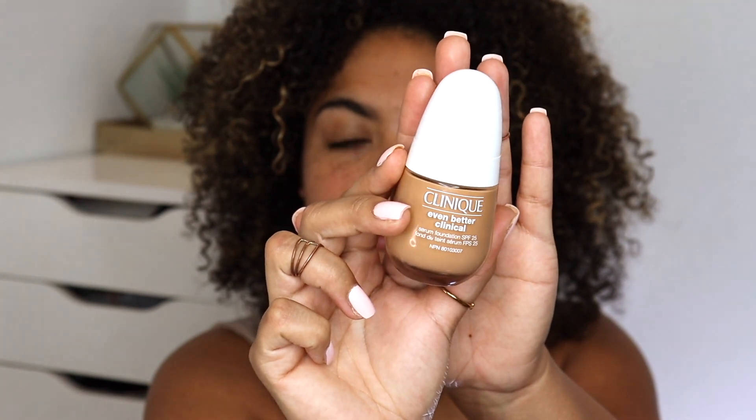Kicking it off with the foundation in question - this is the Clinique Even Better Clinical Serum Foundation with SPF 25. I've seen in the comments a couple of people requesting to review the egg-shaped foundation from Clinique. It's got a great pump, comes in a glass bottle, retails for $55 Canadian, and comes in 34 shades. What's special about this is the combination of skincare and makeup being brought together. It has what's called a three serum technology - vitamin C for brightening, hyaluronic acid for hydrating and plumping, and Clinique's dark spot fighting molecule which you've seen in a lot of their serums.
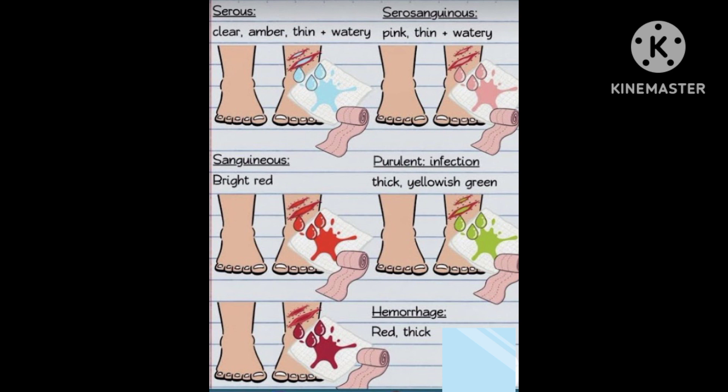The fluid may be clear, thin, watery, maybe bright in colour, fresh blood, or thick, opaque, colourless, or sometimes watery or red or pink in colour.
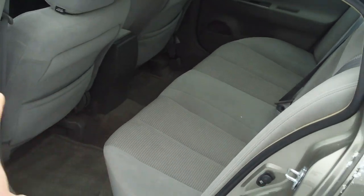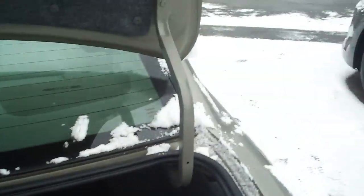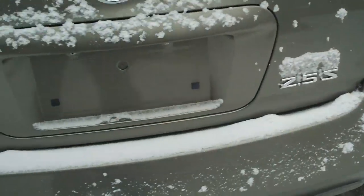Tons of room in the back here for passengers. Very comfortable car. Came out in '05 — Nissan was ahead of its time. Plenty of trunk room. The paint on this car is really good too. This is a 2.5 S model.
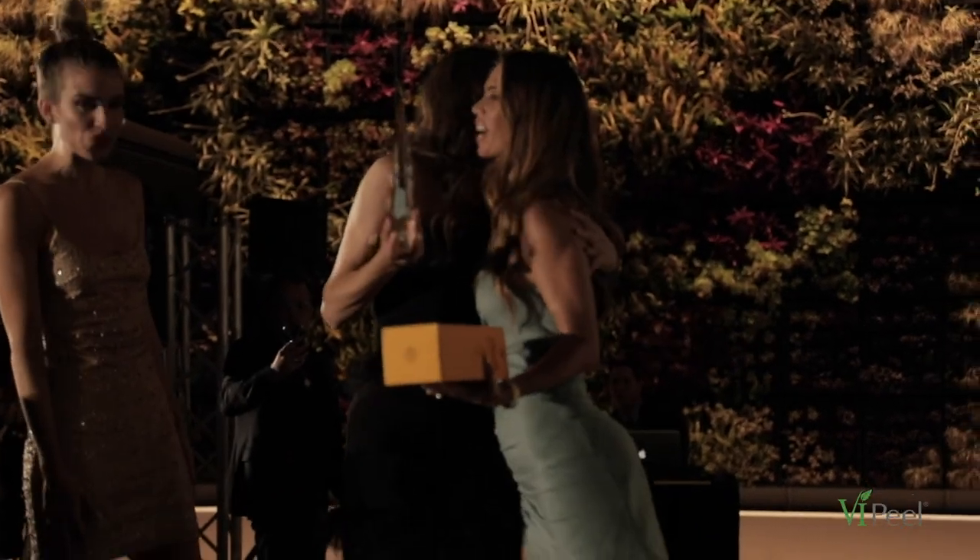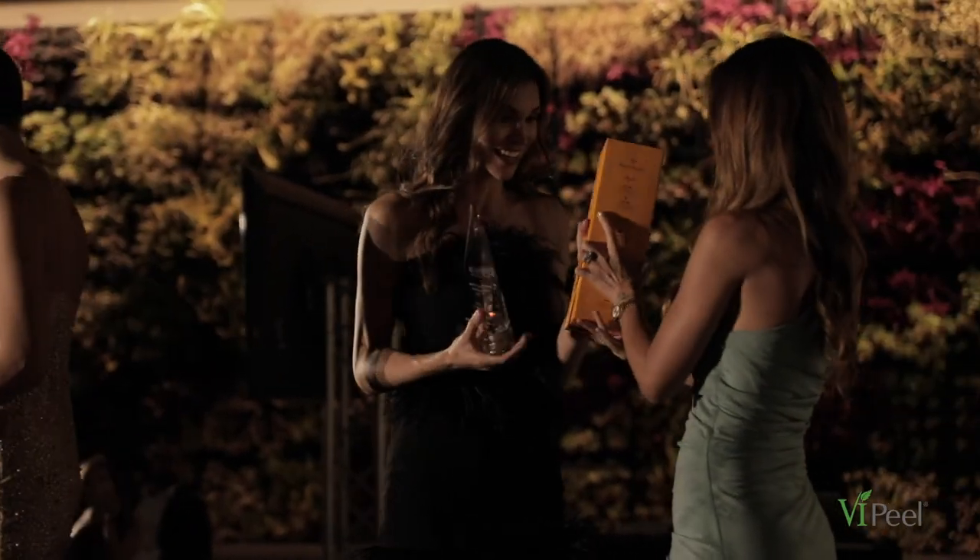Did you win any awards this weekend? We did! We won top CEO and also top chemical peel. To win those awards here at Aesthetic Everything — it just means that people are starting to recognize our mission and that the work we're doing is super important. We love what we do because we make people feel beautiful on the inside and outside every day. Awards or no awards, we're so passionate about what we do. To find the VI Peel online, go to www.vipeel.com and follow us on Instagram, Twitter, and Facebook at VI Peel.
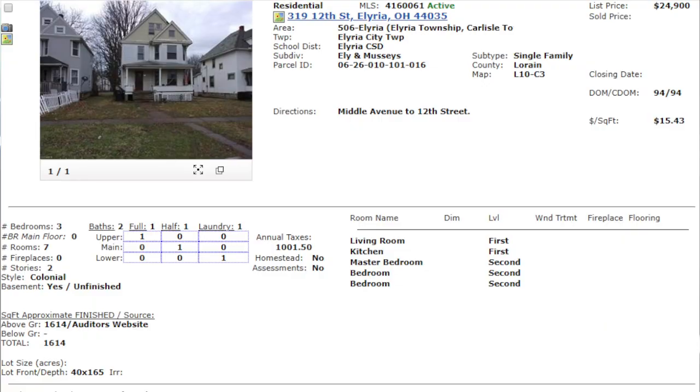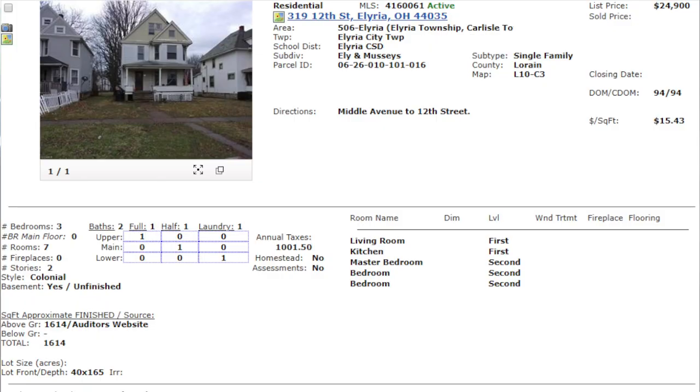319 12th Street, Elyria, Ohio, 44035. This has been listed about three months ago by a real estate agent out of Howard Hanna. She's listed it at $24,900. There really is not a lot that has gone into this listing. It's priced freaking great — priced awesome. So you've got to be like, why in the hell is this thing on the market 90 days in? It shouldn't be. But when you actually look at the listing here, I can see why.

• • • • •

__TASK PROMPT__:
Pictures are to be omitted; otherwise, every line from the first line of the listing through the line containing "The fluid may" must be reproduced exactly, both ends included.

__REPLY__:
Kicking it off with the foundation in question - this is the Clinique Even Better Clinical Serum Foundation with SPF 25. I've seen in the comments a couple of people requesting to review the egg-shaped foundation from Clinique. It's got a great pump, comes in a glass bottle, retails for $55 Canadian, and comes in 34 shades. What's special about this is the combination of skincare and makeup being brought together. It has what's called a three serum technology - vitamin C for brightening, hyaluronic acid for hydrating and plumping, and Clinique's dark spot fighting molecule which you've seen in a lot of their serums.
The fluid may be clear, thin, watery, maybe bright in colour, fresh blood, or thick, opaque, colourless, or sometimes watery or red or pink in colour.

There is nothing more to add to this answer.